Write every entry out again exactly, please, and skip the pictures.

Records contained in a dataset
+ + + + +

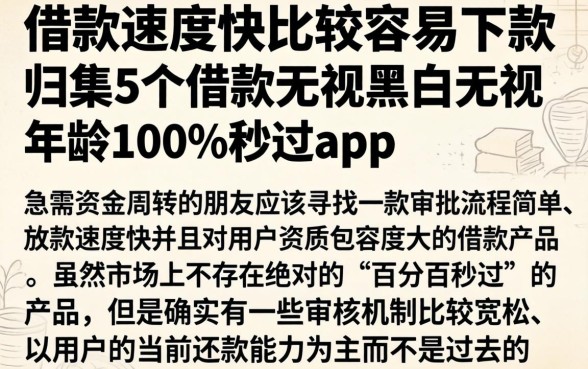 借款速度快比较容易下款，归集5个借款无视黑白无视年龄100%秒过app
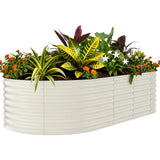 Garvee Galvanized Raised Garden Bed Metal Planter Box Outdoor Gardening 8x4x2 ft Beige Rust-Resistant - Beige(Rubber Edge)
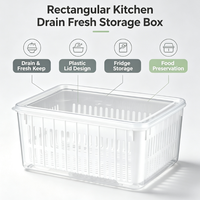 Boîte de conservation rectangulaire pour cuisine, bac de drainage, récipient alimentaire en plastique avec couvercle pour réfrigérateur, pour la conservation des fruits, légumes et viandes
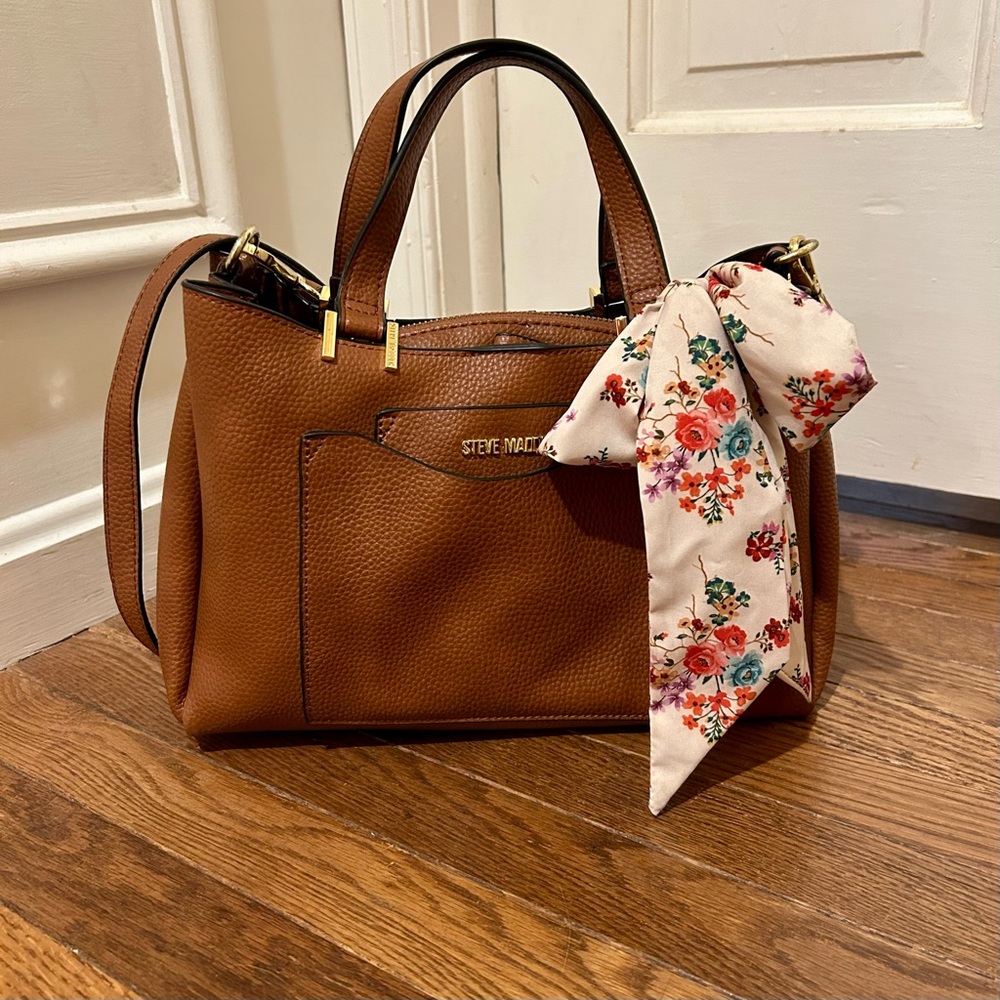 Steve Madden Brown Bag with Floral Scarf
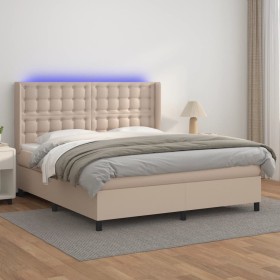 Cama box spring colchón LED cuero sintético capuchino 160x200cm Cama box spring colchón LED cuero sintético capuchino 160x200cm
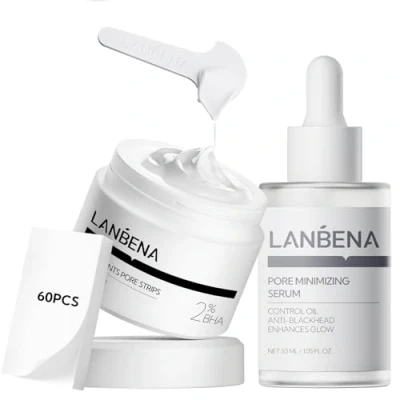 Afbeelding van LANBENA 3 in 1 set voor het grondig verwijderen van mee eters, zuiverend serum en papier eters neus gezicht, vermindert poriën verfijnt de huidtextuur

+ + + + +

▶ RESULT FOR THIS EXERCISE:
 借款速度快比较容易下款，归集5个借款无视黑白无视年龄100%秒过app
 Garvee Galvanized Raised Garden Bed Metal Planter Box Outdoor Gardening 8x4x2 ft Beige Rust-Resistant - Beige(Rubber Edge)
 Boîte de conservation rectangulaire pour cuisine, bac de drainage, récipient alimentaire en plastique avec couvercle pour réfrigérateur, pour la conservation des fruits, légumes et viandes
 Steve Madden Brown Bag with Floral Scarf
 Cama box spring colchón LED cuero sintético capuchino 160x200cm Cama box spring colchón LED cuero sintético capuchino 160x200cm
 Afbeelding van LANBENA 3 in 1 set voor het grondig verwijderen van mee eters, zuiverend serum en papier eters neus gezicht, vermindert poriën verfijnt de huidtextuur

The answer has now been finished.